New Treasure Island transit and tolling plan takes shape

Fees would begin in 2024, with exemptions for low-income drivers and current residents

With apartment buildings under construction and new residents arriving in a matter of months, San Francisco officials are seeking final approvals for a tolling and transit plan for Treasure Island.

The proposal includes a $2.50-$5 one-way toll for private cars (with deep income-based discounts), a brand new ferry service to downtown and enhanced bus service to San Francisco and the East Bay.

“It is a multimodal, comprehensive new transportation system to support a growing neighborhood,” said Rachel Hiatt, acting deputy director for planning at the San Francisco County Transportation Authority (SFCTA). The plan’s three goals are to encourage the use of transit to and from the island, provide a sustainable source of transit funding and ensure that the tolls are affordable, Hiatt said.

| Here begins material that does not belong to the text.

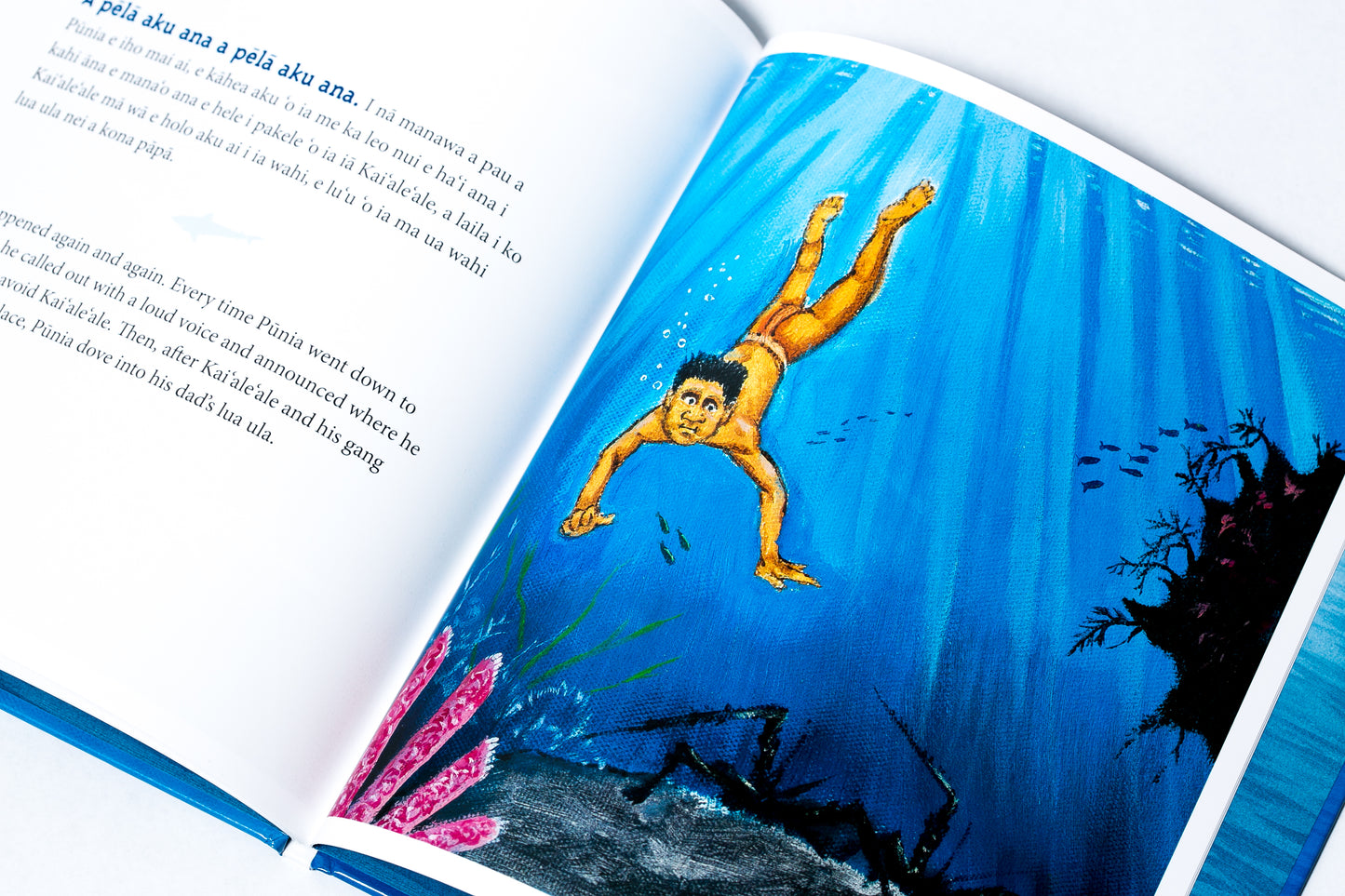 No Pūnia me ka Lua Ula / Pūnia and the Lobster Cave (bilingual)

Starting in mid-2024, drivers would pay $5 to enter or leave the islandduring peak commute hours. About 1,800 residents living on Treasure Island as of late 2019 would be exempt from the tolls, as would all households earning less than 55% of the Bay Area median income. Moderate-income people would pay half-price tolls.

Tolls would drop to $2.50 in the middle of the weekday and on weekends, or $1.25 for those eligible for discounts. Unlike on the region’s bridges, there would be no toll during the night when transit service is less reliable. All tolls will be collected electronically using license-plate reading cameras on the reconstructed on- and off-ramps to the Bay Bridge.

Tolls for accessing Treasure Island would vary for weekdays and weekends, with increases during peak hours. People residing on the island as of 2019 will be exempt from the tolls, as would households earning less than 55% of the Bay Area median income. (Treasure Island Mobility Management Agency)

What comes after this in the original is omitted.